清水建設は2025年8月8日、山岳トンネル現場の自動化を目指す次世代型トンネル構築システム「シミズ・スマート・トンネル」の要素技術開発を完了したと発表した。今後、北海道や大分県の国内トンネル工事現場への適用を進める。
シミズ・スマート・トンネルは、国土交通省の「i-Construction 2.0」に沿って、施工、施工管理、データ連携の3領域に関するオートメーション化技術を集約したシステム。

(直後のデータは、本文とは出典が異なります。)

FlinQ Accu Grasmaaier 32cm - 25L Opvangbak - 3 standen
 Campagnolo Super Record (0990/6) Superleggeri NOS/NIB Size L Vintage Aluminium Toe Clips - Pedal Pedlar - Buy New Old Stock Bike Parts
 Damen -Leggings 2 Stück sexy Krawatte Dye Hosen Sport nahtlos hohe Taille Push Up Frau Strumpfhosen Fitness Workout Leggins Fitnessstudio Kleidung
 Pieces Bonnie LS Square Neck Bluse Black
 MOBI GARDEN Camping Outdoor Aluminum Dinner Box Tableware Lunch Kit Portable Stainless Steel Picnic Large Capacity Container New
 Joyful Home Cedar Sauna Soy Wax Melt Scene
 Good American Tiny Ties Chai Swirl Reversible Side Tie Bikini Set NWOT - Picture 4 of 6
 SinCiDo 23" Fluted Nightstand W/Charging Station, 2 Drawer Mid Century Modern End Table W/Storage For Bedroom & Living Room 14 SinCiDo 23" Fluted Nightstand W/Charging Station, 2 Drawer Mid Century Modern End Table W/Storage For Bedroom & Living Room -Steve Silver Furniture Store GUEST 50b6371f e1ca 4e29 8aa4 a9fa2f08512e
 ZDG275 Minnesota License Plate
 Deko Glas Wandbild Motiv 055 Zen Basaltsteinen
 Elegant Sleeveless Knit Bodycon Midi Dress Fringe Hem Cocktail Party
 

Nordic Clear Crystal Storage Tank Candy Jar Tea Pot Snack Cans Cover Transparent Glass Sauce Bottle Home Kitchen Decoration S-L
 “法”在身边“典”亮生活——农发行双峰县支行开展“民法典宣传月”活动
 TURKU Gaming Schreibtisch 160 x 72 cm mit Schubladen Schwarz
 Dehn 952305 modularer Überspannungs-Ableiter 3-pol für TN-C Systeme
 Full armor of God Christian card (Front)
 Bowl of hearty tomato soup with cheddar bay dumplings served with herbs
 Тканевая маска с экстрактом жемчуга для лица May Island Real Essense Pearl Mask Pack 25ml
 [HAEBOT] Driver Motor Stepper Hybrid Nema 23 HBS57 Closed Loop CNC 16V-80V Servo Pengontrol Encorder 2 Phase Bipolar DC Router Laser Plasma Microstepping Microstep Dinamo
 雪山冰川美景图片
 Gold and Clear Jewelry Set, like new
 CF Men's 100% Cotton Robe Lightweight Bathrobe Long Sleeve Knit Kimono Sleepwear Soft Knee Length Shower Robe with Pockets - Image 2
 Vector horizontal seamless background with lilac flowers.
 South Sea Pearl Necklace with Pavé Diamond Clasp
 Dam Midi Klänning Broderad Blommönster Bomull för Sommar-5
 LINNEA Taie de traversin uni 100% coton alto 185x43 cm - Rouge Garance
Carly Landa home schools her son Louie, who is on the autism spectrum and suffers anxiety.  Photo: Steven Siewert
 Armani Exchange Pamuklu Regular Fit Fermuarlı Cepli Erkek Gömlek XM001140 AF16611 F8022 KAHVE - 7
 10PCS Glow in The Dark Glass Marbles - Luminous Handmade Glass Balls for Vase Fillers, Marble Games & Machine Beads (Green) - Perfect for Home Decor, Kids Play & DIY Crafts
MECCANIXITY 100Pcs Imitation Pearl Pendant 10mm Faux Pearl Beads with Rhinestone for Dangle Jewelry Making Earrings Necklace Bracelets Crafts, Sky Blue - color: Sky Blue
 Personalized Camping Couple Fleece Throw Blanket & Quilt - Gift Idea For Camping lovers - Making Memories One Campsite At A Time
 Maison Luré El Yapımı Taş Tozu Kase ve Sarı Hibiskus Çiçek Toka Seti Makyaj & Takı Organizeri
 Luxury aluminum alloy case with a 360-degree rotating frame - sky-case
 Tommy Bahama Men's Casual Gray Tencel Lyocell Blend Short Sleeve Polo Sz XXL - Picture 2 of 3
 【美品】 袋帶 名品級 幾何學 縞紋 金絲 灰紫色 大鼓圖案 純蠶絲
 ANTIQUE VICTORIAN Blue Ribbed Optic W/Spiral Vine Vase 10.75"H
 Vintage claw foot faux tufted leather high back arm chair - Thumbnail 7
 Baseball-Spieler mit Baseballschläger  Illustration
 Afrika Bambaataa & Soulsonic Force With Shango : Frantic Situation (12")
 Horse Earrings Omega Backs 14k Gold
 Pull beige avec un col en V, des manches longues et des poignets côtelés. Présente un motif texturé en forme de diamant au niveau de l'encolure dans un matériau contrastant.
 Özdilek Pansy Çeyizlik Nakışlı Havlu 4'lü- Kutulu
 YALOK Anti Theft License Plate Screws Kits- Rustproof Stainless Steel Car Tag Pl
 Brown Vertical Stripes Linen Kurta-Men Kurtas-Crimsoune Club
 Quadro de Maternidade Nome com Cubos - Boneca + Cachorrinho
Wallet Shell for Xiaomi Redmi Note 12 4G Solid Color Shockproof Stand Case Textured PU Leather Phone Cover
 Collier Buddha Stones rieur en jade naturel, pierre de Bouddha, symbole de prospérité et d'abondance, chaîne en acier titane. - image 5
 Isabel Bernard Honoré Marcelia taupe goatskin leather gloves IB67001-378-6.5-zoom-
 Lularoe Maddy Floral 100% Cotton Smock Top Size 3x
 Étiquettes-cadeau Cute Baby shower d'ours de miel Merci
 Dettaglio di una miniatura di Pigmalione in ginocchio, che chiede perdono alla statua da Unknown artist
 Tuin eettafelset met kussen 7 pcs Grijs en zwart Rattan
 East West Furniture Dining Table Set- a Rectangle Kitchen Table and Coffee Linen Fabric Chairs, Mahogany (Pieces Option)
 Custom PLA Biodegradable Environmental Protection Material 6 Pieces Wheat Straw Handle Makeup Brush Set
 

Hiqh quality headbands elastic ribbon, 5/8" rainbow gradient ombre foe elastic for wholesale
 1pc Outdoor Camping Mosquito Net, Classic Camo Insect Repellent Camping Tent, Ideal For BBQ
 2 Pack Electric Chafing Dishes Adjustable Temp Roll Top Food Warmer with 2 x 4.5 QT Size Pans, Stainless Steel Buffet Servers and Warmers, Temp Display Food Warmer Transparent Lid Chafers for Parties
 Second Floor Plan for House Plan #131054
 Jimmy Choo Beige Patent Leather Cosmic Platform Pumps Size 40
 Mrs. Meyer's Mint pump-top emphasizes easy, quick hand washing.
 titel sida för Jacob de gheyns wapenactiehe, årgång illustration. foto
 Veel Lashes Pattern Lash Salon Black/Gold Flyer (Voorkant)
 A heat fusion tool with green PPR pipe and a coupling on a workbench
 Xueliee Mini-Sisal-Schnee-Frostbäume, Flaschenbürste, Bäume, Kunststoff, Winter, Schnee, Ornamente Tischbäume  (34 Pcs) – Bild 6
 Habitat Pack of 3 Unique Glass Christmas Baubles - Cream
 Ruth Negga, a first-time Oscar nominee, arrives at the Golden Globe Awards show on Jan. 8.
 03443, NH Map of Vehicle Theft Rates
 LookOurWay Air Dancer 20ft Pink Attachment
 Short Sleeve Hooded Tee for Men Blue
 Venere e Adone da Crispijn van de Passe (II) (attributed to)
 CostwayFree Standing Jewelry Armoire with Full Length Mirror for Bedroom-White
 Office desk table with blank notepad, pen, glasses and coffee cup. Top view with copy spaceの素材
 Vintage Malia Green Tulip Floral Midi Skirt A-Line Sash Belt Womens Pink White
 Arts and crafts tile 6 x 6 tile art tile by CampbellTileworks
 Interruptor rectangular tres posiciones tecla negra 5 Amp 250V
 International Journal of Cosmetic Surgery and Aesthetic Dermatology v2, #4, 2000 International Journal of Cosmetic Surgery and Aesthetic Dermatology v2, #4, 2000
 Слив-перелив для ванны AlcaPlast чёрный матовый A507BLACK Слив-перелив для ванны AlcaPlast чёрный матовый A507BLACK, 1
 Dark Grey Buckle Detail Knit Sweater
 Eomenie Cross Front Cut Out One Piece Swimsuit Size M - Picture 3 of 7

施工領域では「穿孔/発破」「コンクリート吹付け/鋼製支保工建込み」「ロックボルト打設」「覆工コンクリート打設」に対応する自動施工ロボットを開発。「穿孔/発破」では穿孔差し角自動制御システム「BLAST MASTERII」を使用して、地山性状に応じた最適な発破パターンとシーケンス設計を自動導出し、生産性と掘削品質を高める。
施工管理領域では、安全、品質、工程などの各要素でデジタルツールを活用。Webカメラ映像をAIが解析し、トンネル坑内の作業状況をリアルタイムで通知する「AIサイクル自動判定システム」、切羽全面を振動可視化レーダーでモニタリングする「切羽崩落振動監視レーダーシステム」などにより、個人の経験や知識に依存しない客観的判断を可能にする。
データ連携領域では、調査/測量、設計、施工、維持管理などの各プロセスで関係者がシームレスにデータ共有できるDX基盤を整備。取得データは、数値シミュレーション技術による施工リスクの自動評価などに活用する。現場の施工データに加え、CO2排出量などの環境データも含まれており、設計/施工段階でのCO2削減策の検討や評価にも対応する。
初適用は、国土交通省北海道開発局発注の「北海道縦貫自動車道 七飯町 大沼トンネル峠下工区工事」や大分県発注の「令和5(2025)年度道改国 第3-2号 道路改良工事(日田山国1号トンネル本坑1工区)」などが対象。各現場の施工条件に適した要素技術を選定し、オートメーション化を推進する。